It is very interesting to see the connection between the different approaches to solve the linear regression problem.
Optimization of deterministic cost function
The firs point of view is simply as an optimization problem. The normal approach is to try to minimize the residual (errors) sum of squares (RSS). In that way we arrive to the normal equations that solve the problem (least squares)(linear regression)(OLS). To minimize the expression we equal the gradient of the RSS to zero and solve it to obtain the parameters that achieves the minimum. If instead of the RSS we use the absolute value of the residuals we arrive to the LAD (least absolute deviation) solution. For this solution there is not a close form solution, instead you have to use a linear programming apprach to solve it. Both LAD or RSS use the minimization of a cost function.

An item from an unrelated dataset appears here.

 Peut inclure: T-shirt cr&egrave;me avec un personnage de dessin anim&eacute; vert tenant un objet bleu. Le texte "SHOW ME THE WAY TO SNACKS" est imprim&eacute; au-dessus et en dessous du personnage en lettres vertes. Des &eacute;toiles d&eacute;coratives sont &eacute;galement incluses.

When using a cost functions you can be lucky and have a close form solution (RSS case) or, more often, you arrive to a solution that involves an iterative process, either using gradient descent, stochastic gradient descent (using the gradient of the cost function) or some other method that uses both the gradient and the hessian of the cost fucntion (Newton method, quasi-Newton, …) (gradient descent)(finding minima)(gradient LAD)

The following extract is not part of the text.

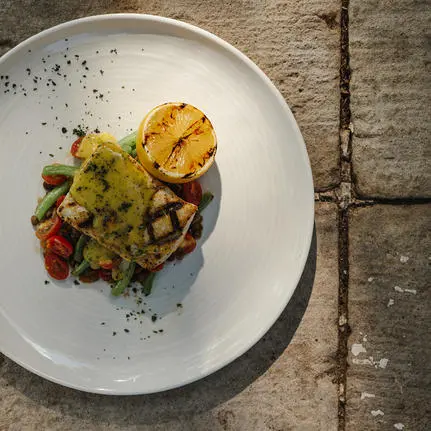 Grilled plantain topped with avocado and tomato salsa at Amanwana.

Maximum likelihood of posterior distribution
Same results obtained by the optimization approach can be produced by other different means.

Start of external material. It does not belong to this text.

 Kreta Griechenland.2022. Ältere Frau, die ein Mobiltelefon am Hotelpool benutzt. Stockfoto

The predictor variable can be seen as a random variable produced by a function of the independent variables (deterministic) plus an error term (another random variable).
The pdf (probability density function) of the predictor random variable (the posterior distribution) will be similar to the pdf of the error term, except by a difference in the expected value that is provided by the linear relationship established on the independent variables.
If we assume that the error term has a gaussian pdf with zero mean and we try to determine the parameters of the linear function that maximize the log likelihood (MLE, maximum likelihood estimator) of the predicted values, conditioned on the independent data, we arrive to exactly the same solution that when optimizing the RSS cost function (see chapter 3 of the book: The Elements of Statistical Analysis, Hastie, Tibshirani)
The interesting point is that changing the pdf of the error term we arrive to different solutions.
If the error term has a Laplacian pdf and we use the same MLE strategy to estimate the parameters, we arrive to the same solution as when optimizing the least absolute value as a cost function.
When using different pdf distributions for the error term we arrive to different solutions.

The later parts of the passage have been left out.